Fung's story sounds very much like the truth and makes perfect sense. Obviously there was a prisoner exchange and it seems a dropping of charges as well! It had nothing to do with the Taliban though but with whatever group was involved in the kidnapping and they were apprenhended as part of the investigation into the kidnapping. The official denials were sort of true and but sort of spin as well!
Fung says captors' kin freed in exchange for her
Nov 12, 2008 09:02 PM
) James McCarten THE CANADIAN PRESS
Mellissa Fung's 28-day ordeal inside a tiny cave in Afghanistan came to an end only after Afghan authorities agreed to release relatives of her captors, the CBC reporter said Wednesday in her first comprehensive interview since she was freed.
Fung, 35, dismissed media reports that Taliban prisoners had been exchanged for her freedom, but confirmed she was set free as part of a quid pro quo with Afghan intelligence that involved relatives of her kidnappers who'd been taken into custody.
"I now understand that Afghan intelligence had sort of fingered the family of the ringleader of this gang, and had arrested a whole bunch of them and it was a prisoner exchange," Fung said in an interview from an undisclosed location.
"They agreed to release the family if the group would release me, and that's what ended up happening."
Fung went on to make clear that the prisoners who were released were linked directly to her abduction.
"That was directly related to, then, the people that took you, as opposed to other prisoners?" her interviewer asks.
"There were never any other prisoners," comes the reply.
Ever since Fung – who was nabbed Oct. 12 after visiting a refugee camp outside the Afghan capital of Kabul – was released Saturday, questions have been swirling about precisely how her freedom was secured.
Canadian officials, including Prime Minister Stephen Harper and Ron Hoffman, Canada's ambassador to Afghanistan, have emphatically denied that any ransom was paid, nor were any "Taliban prisoners" or "political prisoners" set free in exchange for Fung.
It now appears, however, that those words were chosen carefully.
"There have been continued reports about ransoms or money being paid; that was not done in this case," Harper said during a news conference Monday.
"Likewise, there's been no release or exchange of political prisoners."
Harper was responding to questions about a Pakistan newspaper report citing anonymous sources that said Fung was only let go after two jailed Taliban leaders were released.
Hoffman also denied the report.
"I've been very close to this and there was no such exchange," he said. "I am more than reasonably confident that there was no exchange of Taliban prisoners."
In an interview Wednesday with CBC Newsworld, Hoffman acknowledged the release of the family members, but characterized it as "leverage" used to secure Fung's freedom, not a prisoner exchange.
"As part of their (Afghan intelligence's) investigation, they did detain briefly some family members of some of the kidnappers, which was ultimately an important point of leverage to help secure her release," Hoffman said.
"Ultimately, they would not have been kept under custody because they weren't charged, and they were only held fairly briefly.
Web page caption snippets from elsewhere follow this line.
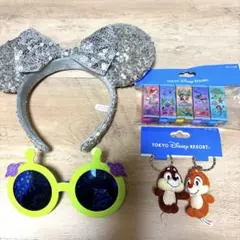 ディズニー　ミニーカチューシャ　サングラス　消しゴムキーチェーン
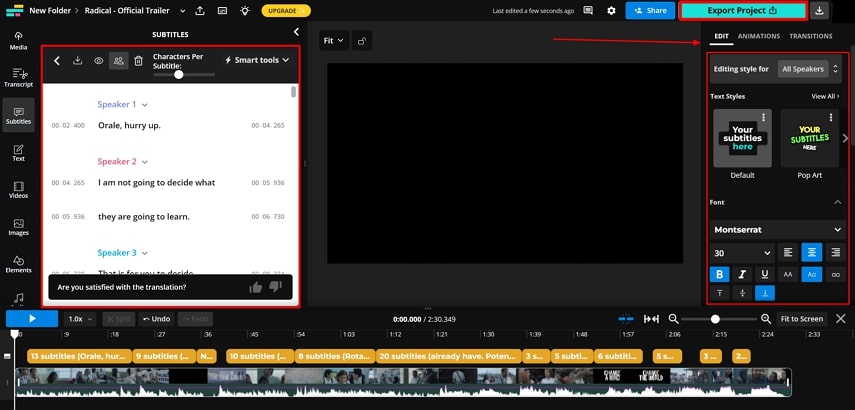 edit the subtitles across kapwing
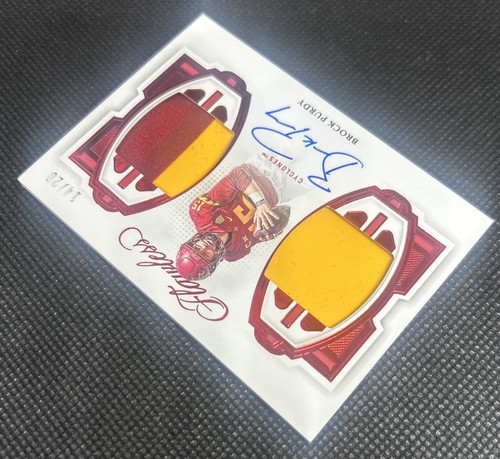 2023 Panini Flawless Collegiate Brock Purdy Niners 3 CLR PATCH ON CARD AUTO /20 - Photo 4 sur 6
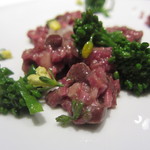 フロリレージュ - 猪のレバー、ハツ、すい臓 ごく軽く火を入れてタルタル仕立てで2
But it did put pressure on the kidnappers, because it allowed the Afghan authorities to know who some of the main perpetrators were – and that was much more important than the fact that they were briefly detained."
Fung told a harrowing tale Wednesday of how she was kept – blindfolded and chained at times, subsisting only on cookies and juice provided by her captors – in a tiny cave somewhere outside Kabul after she was grabbed while returning from interviews near the Afghan capital.
"I'm not dying here," Fung recalled telling herself. "Dying is not an option. Help is coming. I will get out of here one way or another."